Dataset entries
-*-*-
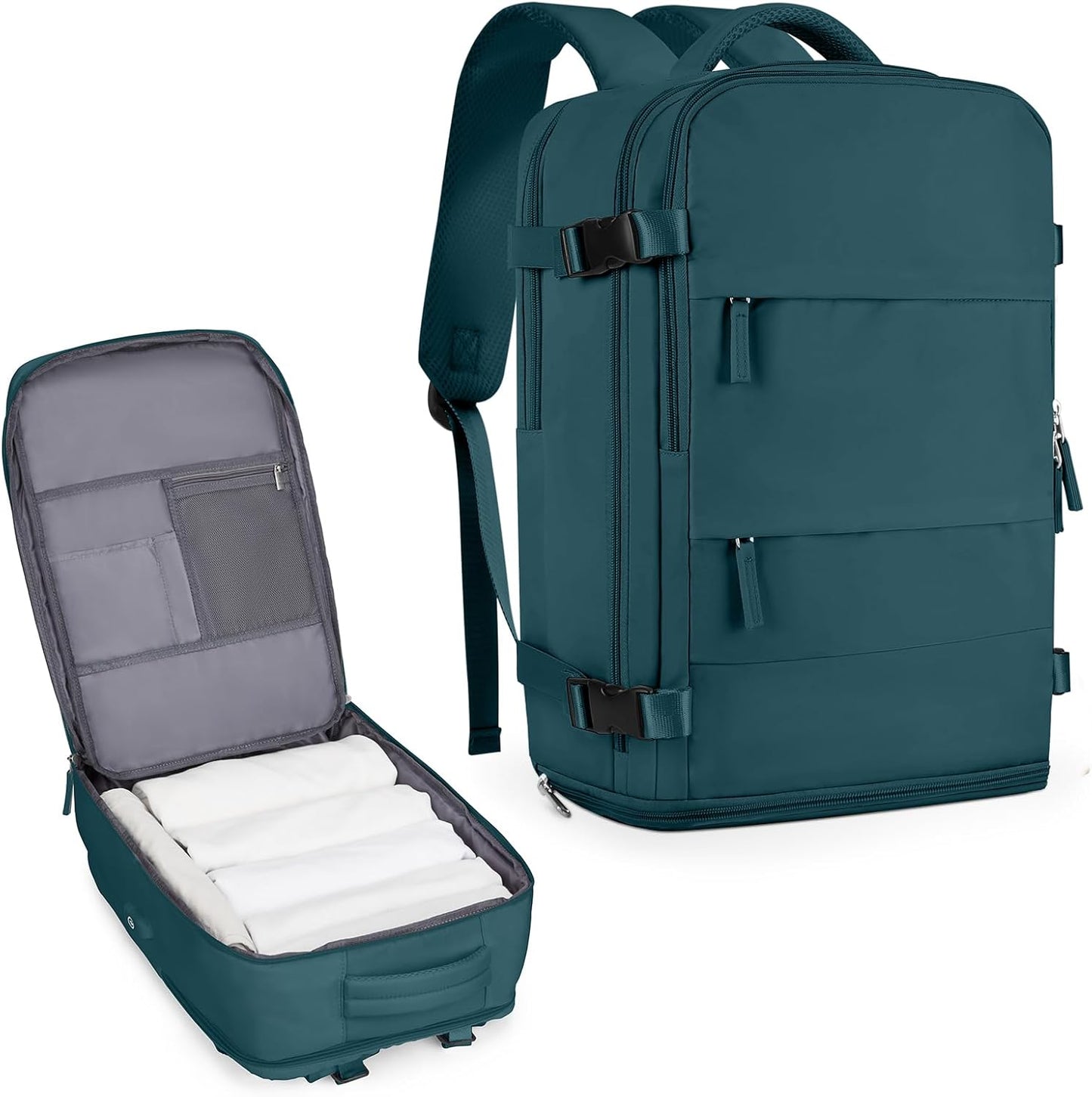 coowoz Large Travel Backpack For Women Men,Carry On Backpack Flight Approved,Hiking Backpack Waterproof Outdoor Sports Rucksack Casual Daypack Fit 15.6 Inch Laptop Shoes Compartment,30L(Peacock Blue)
-*-*-
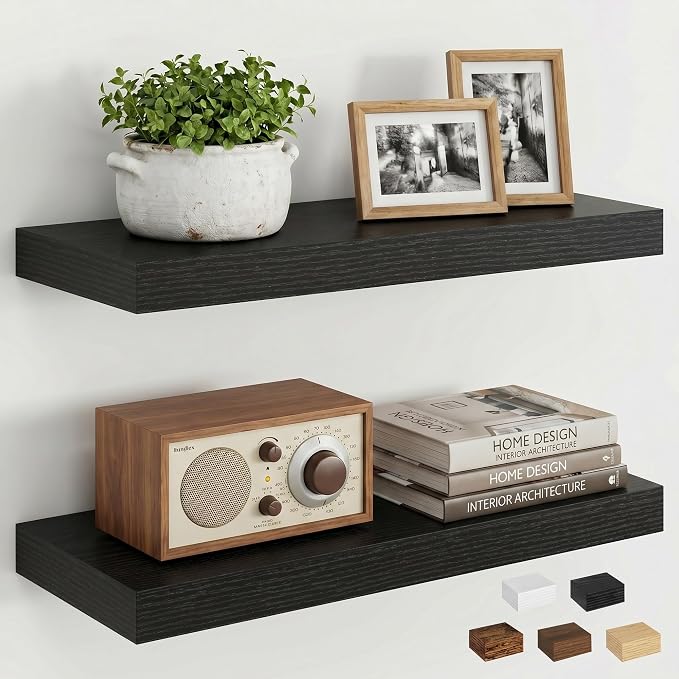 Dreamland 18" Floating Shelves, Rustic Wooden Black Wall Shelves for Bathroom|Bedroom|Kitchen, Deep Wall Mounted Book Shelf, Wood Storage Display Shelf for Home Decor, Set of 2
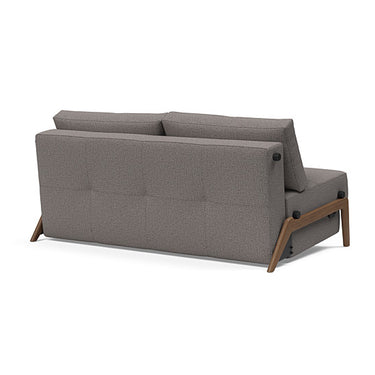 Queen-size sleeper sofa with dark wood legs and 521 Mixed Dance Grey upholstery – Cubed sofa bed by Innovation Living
-*-*-
Activity
What is needed is an exact copy of only the lines above from the one with "Decor, Set of 2" to the one with "Queen-size sleeper sofa", both kept, with every picture left out.

Solution
 Dreamland 18" Floating Shelves, Rustic Wooden Black Wall Shelves for Bathroom|Bedroom|Kitchen, Deep Wall Mounted Book Shelf, Wood Storage Display Shelf for Home Decor, Set of 2
 Queen-size sleeper sofa with dark wood legs and 521 Mixed Dance Grey upholstery – Cubed sofa bed by Innovation Living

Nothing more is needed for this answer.